TRY IT: Every line from the one holding "Canon MG5750 Color" through the one holding "BREMBO T 49" in the data below must be returned exactly, both ends included, with pictures left out and nothing else added.

MATERIAL FOR THE TASK:
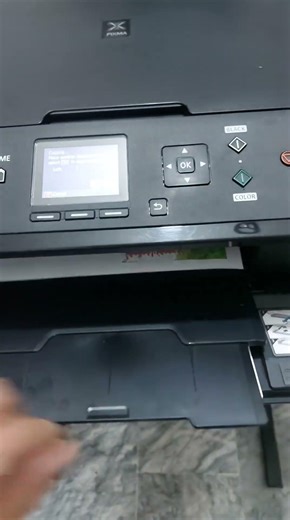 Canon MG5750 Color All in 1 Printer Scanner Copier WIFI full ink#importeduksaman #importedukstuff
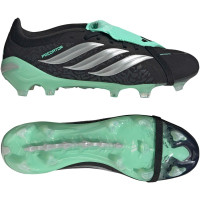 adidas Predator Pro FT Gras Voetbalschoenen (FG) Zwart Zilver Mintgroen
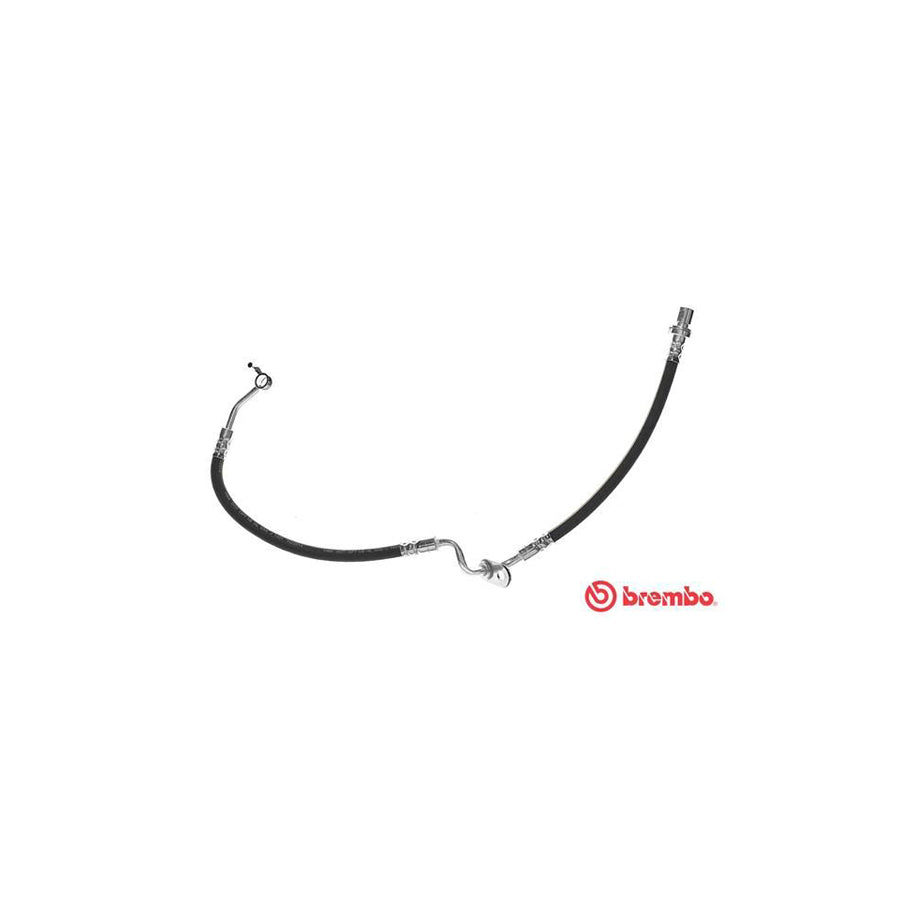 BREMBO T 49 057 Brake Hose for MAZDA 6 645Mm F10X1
---
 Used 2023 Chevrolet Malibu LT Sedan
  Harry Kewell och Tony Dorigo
...
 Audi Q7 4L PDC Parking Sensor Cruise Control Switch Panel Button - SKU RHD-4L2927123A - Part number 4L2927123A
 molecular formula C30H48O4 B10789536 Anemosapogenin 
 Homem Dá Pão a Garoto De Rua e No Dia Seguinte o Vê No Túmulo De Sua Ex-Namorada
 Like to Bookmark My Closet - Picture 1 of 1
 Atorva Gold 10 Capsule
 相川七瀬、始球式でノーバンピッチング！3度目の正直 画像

TASK SOLUTION:
 Canon MG5750 Color All in 1 Printer Scanner Copier WIFI full ink#importeduksaman #importedukstuff
 adidas Predator Pro FT Gras Voetbalschoenen (FG) Zwart Zilver Mintgroen
 BREMBO T 49 057 Brake Hose for MAZDA 6 645Mm F10X1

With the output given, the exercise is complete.